Content warning for mentions of sexual harassment and assault 

In the wake of #MeToo, reexamining and recontextualizing societal norms has proved a continuous challenge. The reporting of the Voice over the past few weeks has been groundbreaking in that attempting to look back through Wooster’s own history and acknowledge faults is something that is likely to open more wounds. While the actions of Howard Lowry occurred in the “past,” his legacy has shaped all of our experiences on this campus, and the way the school addresses Lowry’s actions will be important to the future of the institution. 

It’s a shame that — in my own experience — the #MeToo movement has gone from a solemn recognition of a wider societal culture that continues to prey upon women to something yet again “taboo,” or something to be ashamed to admit. In reality, no matter how many times you are told that your truth matters, sometimes the situation is so delicate that the one person telling you that you are at fault can crumble your view of a situation entirely. I have so much respect for the women who came forward to discuss Howard Lowry, and maybe the reason it was so off-putting for me is because I’d seen a part of myself in their voices that I had wanted so long to dismiss. 

When I first got the email from the school explaining an investigation would be launched —  I’m not going to shy away from it — I totally shrugged it off. It wasn’t something I wanted to see talked about here. It sounds awful, and it was. More than anything else, I thought about myself in the position of a woman who has come forward with that information about such a well-respected and powerful man so central to our interpretations of The College of Wooster. And I thought that if I had that information, the shame would just eat me whole and spit me back out. That’s why I truly admire the bravery and strength of the women who came out, who stood their ground and let an intimate detail of their lives be publicized so we can all readjust our understanding of what it means to be a part of the community that makes up the College of Wooster. 

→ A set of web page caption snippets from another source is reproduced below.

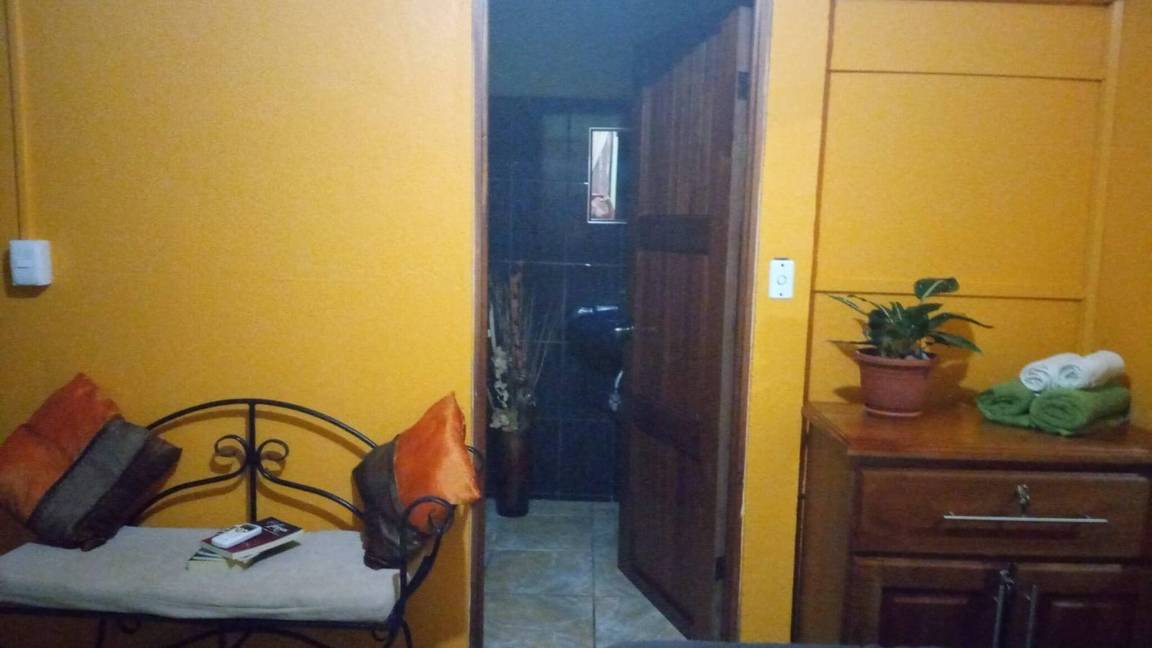 Photo of Others in Barrio Pilo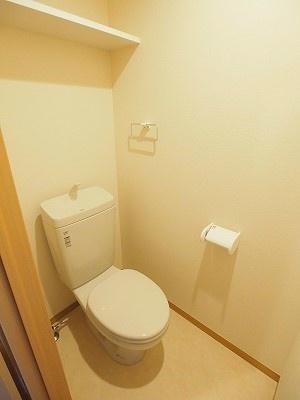 川崎市中原区丸子通２丁目のアパート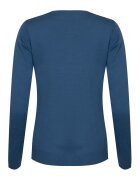 U.S. Polo Assn. US Polo Assn.- Дамски пуловер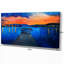 Reproduction d’art sur toile tendue bateaux-29505169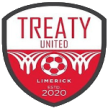 Treaty United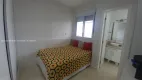Foto 43 de Apartamento com 3 Quartos à venda, 119m² em Ingleses do Rio Vermelho, Florianópolis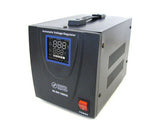 Sursa Ups Cu Acumulator Braun Led 1500va 900w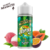 tropika-100ml-12-monkeys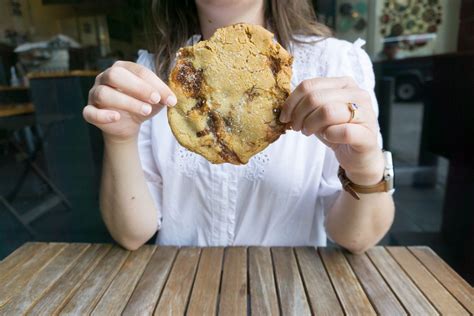 Wellington City Guide: The Best Things to See & Do in New Zealand's Capital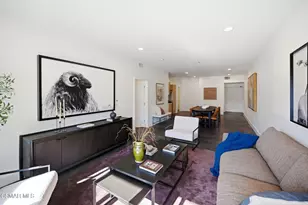 5016 Bakman Ave, North Hollywood, CA 91601 - Photo 2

My reaction to this situation was so abrasive and defensive that it sent me into a tiny spiral of wondering how I could call myself a woman and advocate for victims of any kind of sexual harassment or assault when I bristled at the mention of actions like this occurring in a place I respect. I had the kind of realization that you can only have when you confront a dark part of yourself that doesn’t want to let your hurt out. That it scared me so much because I had come again to see the actions the women described as normalized. Even after doing what I thought was some decent work to see how widespread sexual harassment and assault occurs, to address it in how I viewed the world around me — I was still scared at the end of the day to admit that it had reached me before, it was reaching me when I opened up the Voice, and it is going to continue to reach me in my life. 

I’d like to end this piece by encouraging everyone to have a similar conversation with themselves. It’s hard, it’ll mess you up for a bit, but it truly is worth it, because I don’t want to look at someone brave enough to speak their truth again and ignore it for my own personal comfort in the status quo ever again.